Wednesday, April 11, 2007

Where was all the finger-pointing when subprime borrowers were making money?

With all the articles, all the testimony to Congress, all the regulatory scrutiny that mortgage lending is receiving today, I have to wonder why no one was complaining during the real estate boom. When subprime borrowers, little old ladies, people on fixed income, minorities, et. al., were able to secure financing for homes they could ill afford, but COULD sell at a profit, there was no hue and cry, no accusations of predatory lending, no senate investigations. No, when subprime borrowers made money on housing appreciation, no one complained.

Well, the "bitter renters" - as anyone who questioned the economic fundamentals of the bubbly market was called - certainly complained. Many folks who wanted to buy a house, who had secure jobs and sizable downpayments, were "priced out." Perhaps they could not afford prices that were 3x the prices of just 5 years earlier. For many, they could afford the price, but could not justify the risk. For whatever reason, many well-qualified borrowers were outbid and outpriced by poorly-qualified buyers. Those buyers who would have happily bought a home, and paid every mortgage payment on time, were pushed out of the market by buyers who had no need for sensible pricing.

The government is now talking about bailing out buyers who bought over their heads, taxing everyone to keep foolish buyers in their McMansions, their luxury condos, their sparkling kitchens with Viking ranges and sub-zero freezers - as well as keeping foolish buyers in their modest bungalows, inner-city flats, and major fixers. The very people who outbid responsible, qualified buyers are now the "victims", needing government help to stay in homes they cannot afford. The sad reality is, a bailout will merely postpone the inevitable for most such borrowers.

The type of people who run up high credit scores are typically the type of people who continue paying their mortgage, even if they become "upside down" with a mortgage balance that is greater than their current home value. The type of people who let their credit ratings drop down to subprime levels are typically the type of people who just walk away, letting the bank hold the bag on price declines.

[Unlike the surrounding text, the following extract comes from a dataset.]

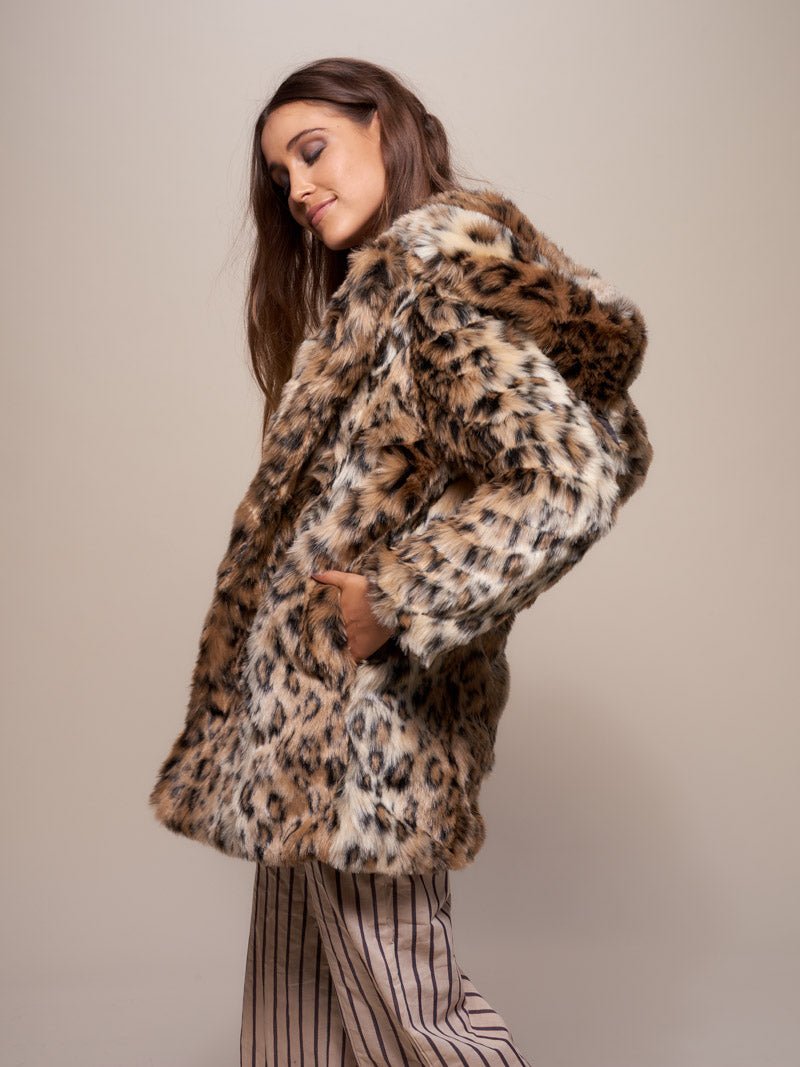 Classic Leopard Faux Fur Coat on Female Model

Why is it okay for prime borrowers to share in the gains AND the losses on real estate, but subprime borrowers should only share in the gains? Why should prime borrowers, renters, and every other taxpayer shoulder the cost of bailing subprime borrowers out of their mortgages? Let's face reality here - subprime borrowers are subprime for a reason. For some, they were incredibly careful and responsible, but hit hard times. For far, far more of them, they became subprime because they over-extended, lived above their means, were slow to pay debts or failed to pay them at all, declared bankruptcy, etc.

ABSOLUTELY, some subprime borrowers got that way through no fault of their own. Others got there by making mostly good financial choices, but they took some risks that didn't pan out. While others just never cared about paying bills. Look at C. Serin, posterboy of the foreclosure explosion. His blog seems to have fizzled, but he can still generate tremendous sparks by the mere mention of his visits to Starbucks, dining out, buying a car, turning down jobs - even though he is reportedly defaulting on $2.2 Million dollars in debt.

Oh, and, by the way, Mr. Serin's debt is not merely mortgage debt. He paid off his credit cards with some of the cash he got back at close - yes, he was able to buy houses AND get cash out at close, effictively paying him to buy - and he ran the cards up again. He lied to lenders to get his mortgages. He gamed the system. He is one of the so-called victims of bad lending practices.
Ironic how the pundits blame "Wall Street investors" for the mortgage mess, but only the far-right-wing media asks borrowers to shoulder their fair share of the blame. These supposedly genteel, wealthy "Wall Street" types are just as often teachers, blue-collar workers, white collar workers, grimy fingernail workers, and anyone else with a 401k. True victims of shady mortgage lending have recourse available to them without any additional government involvement. The investors who held mortgage company stock, mortgage-backed bonds, and related investments in their retirement account, they have no recourse. Even irresponsible buyers will be able to negotiate with lenders in this very shaky housing market. Government intervention at this point will just unfairly burden taxpayers - and it sends the wrong message to borrowers that borrowers needn't take responsibility for themselves, needn't read and understand contracts, needn't have rainy-day savings, needn't buy prudently, choosing homes that they can afford in good times and bad, choosing mortgages that they can afford both today and in the future.